### What the task requires:
Copy task, pictures excluded: set down exactly the lines from the one containing "Sweat zippé à capuche doux et léger MONOPRIX" to the end of the data below.

### Exercise data:

★ ★ ★ ★

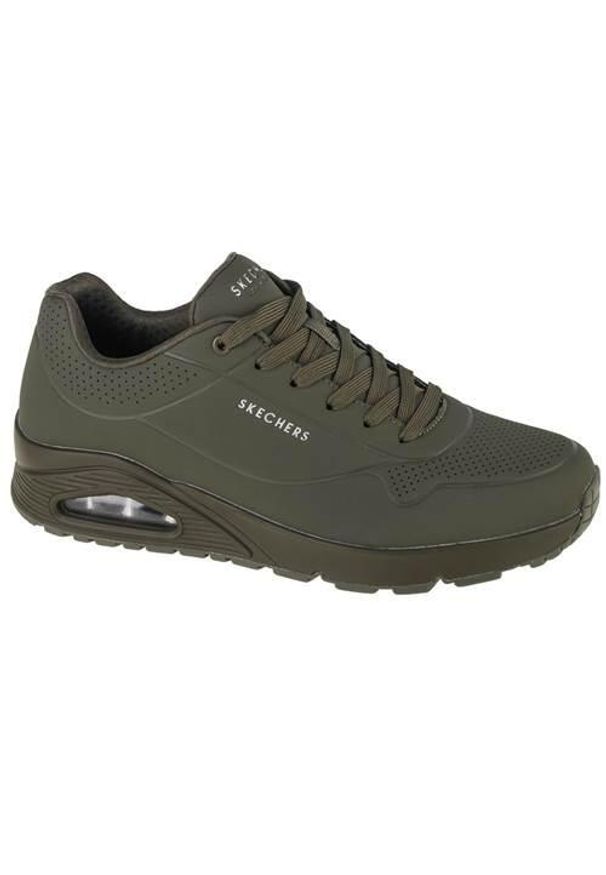 skechers - Buty do chodzenia męskie Skechers Unostand ON Air. Zapięcie: sznurówki. Kolor: wielokolorowy, zielony. Materiał: guma, materiał, syntetyk. Szerokość cholewki: normalna. Sport: turystyka piesza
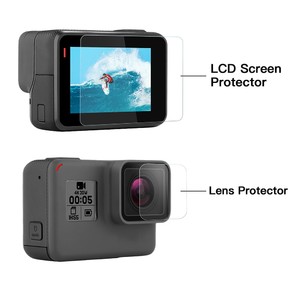 tempered glass lcd and lens screen protector for gopro hero 5 6 7 black Защитное стекло для экрана и линзы экшн камеры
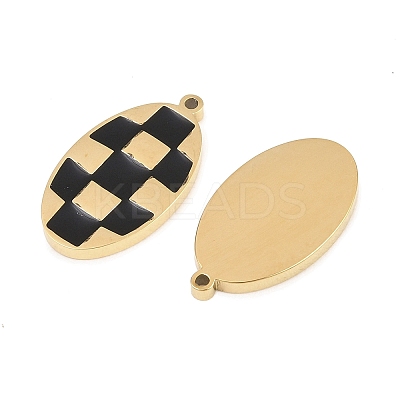 304 Stainless Steel Enamel Pendants STAS-P447-01A-G-1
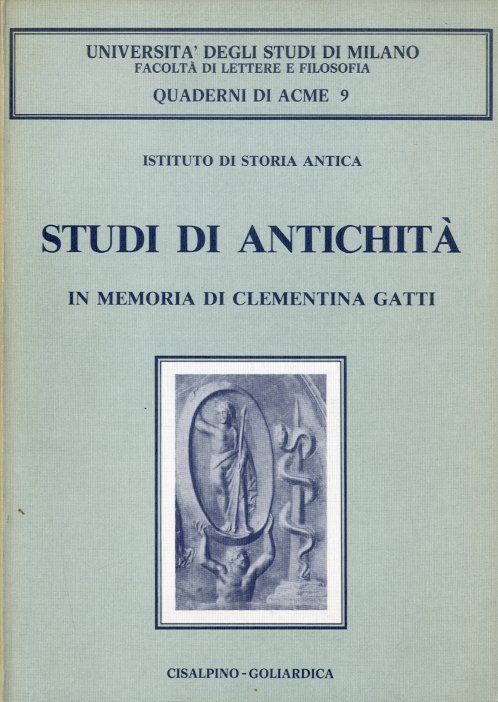 Studi di antichita' in memoria di Clementina Gatti.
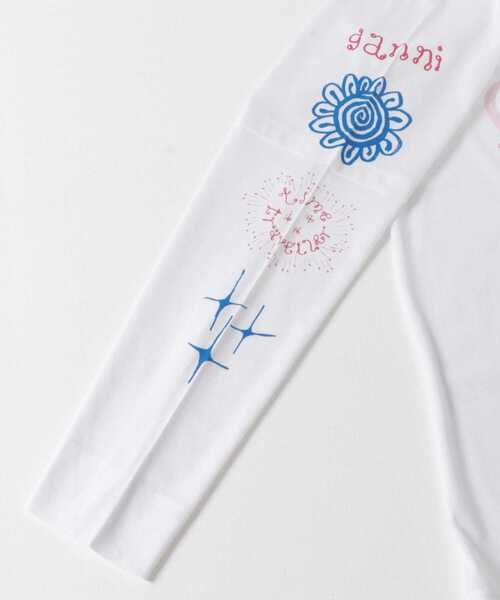 GANNI（ガニー）の「GANNI　Cat Long Sleeve T-shirts（Tシャツ/カットソー・レディース・ホワイト系その他・MEDIUM/SMALL）」の5枚目の写真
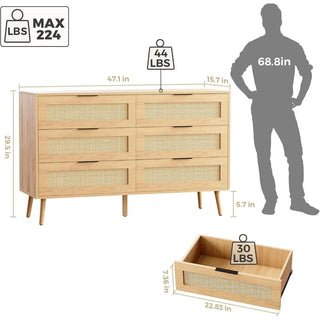 Aurora Luxe 6-Drawer Dresser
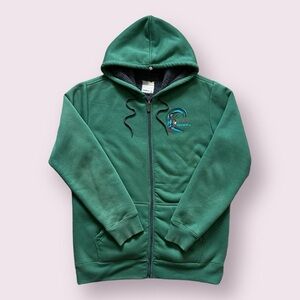 Vintage O’Neill Zip-Up Hoodie - Green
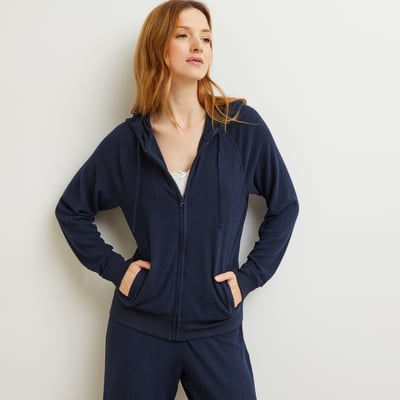 Sweat zippé à capuche doux et léger MONOPRIX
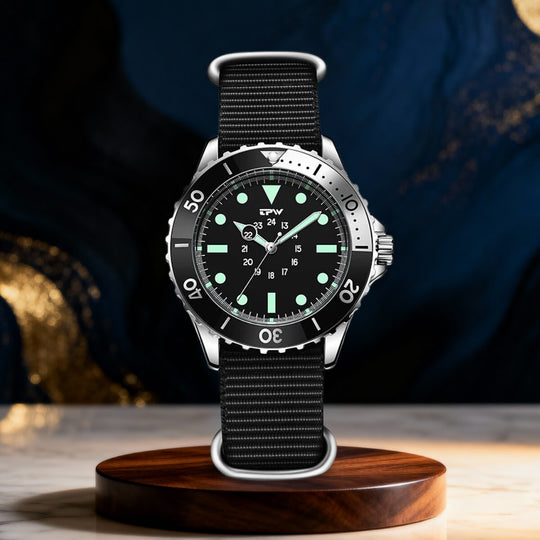 Whitaker | Professional Diver’s Quartz Analog Watch | 41mm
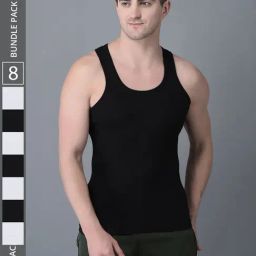 Dollar Bigboss Multicolored Cotton Regular Fit Vest - Pack Of 8-image-74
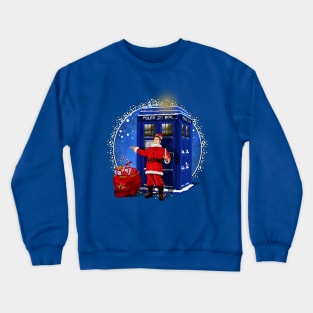 10th Doctor as Santa Claus Crewneck Sweatshirt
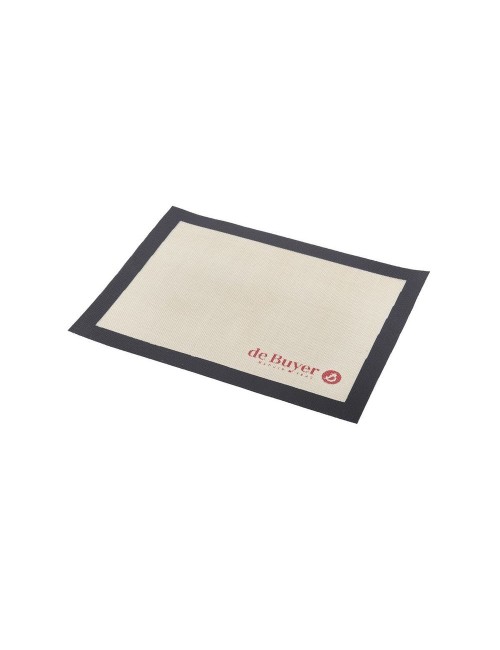 Tapis De Cuisson Micro-Aéré En Fibre De Verre Siliconée 40 X 30 Cm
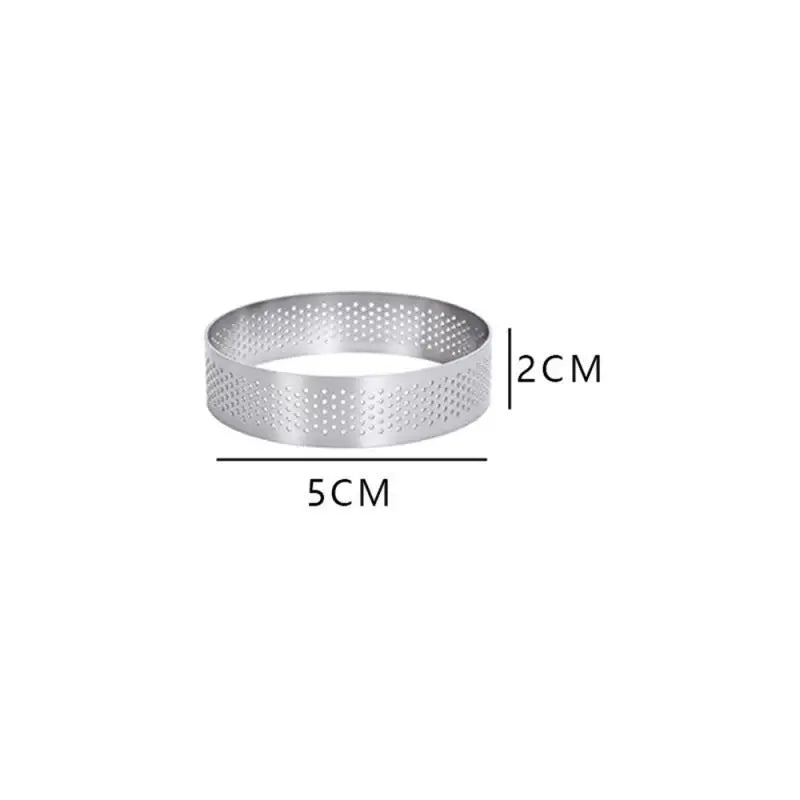 Cercle à gâteaux perforé inox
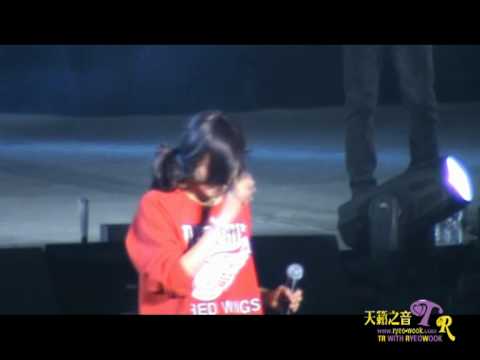 [TR天籁之音] 100307 Super Show 2 Shanghai Encore -Sunny - Ryeowook focus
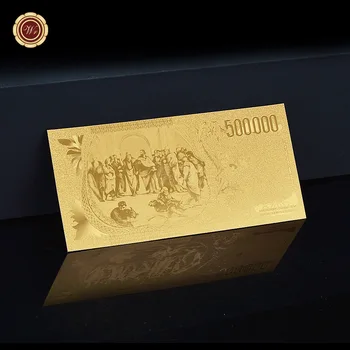 Darčekové Poukážky Čistého Zlata Bankoviek Vyrezávané Taliansko 500, 000 Lire Na Zber A Súčasnosť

★ ★ ★ ★

### Solution to this exercise:
 Sweat zippé à capuche doux et léger MONOPRIX
 Whitaker | Professional Diver’s Quartz Analog Watch | 41mm
 Dollar Bigboss Multicolored Cotton Regular Fit Vest - Pack Of 8-image-74
 10th Doctor as Santa Claus Crewneck Sweatshirt
 Tapis De Cuisson Micro-Aéré En Fibre De Verre Siliconée 40 X 30 Cm
 Cercle à gâteaux perforé inox
 [TR天籁之音] 100307 Super Show 2 Shanghai Encore -Sunny - Ryeowook focus
 Darčekové Poukážky Čistého Zlata Bankoviek Vyrezávané Taliansko 500, 000 Lire Na Zber A Súčasnosť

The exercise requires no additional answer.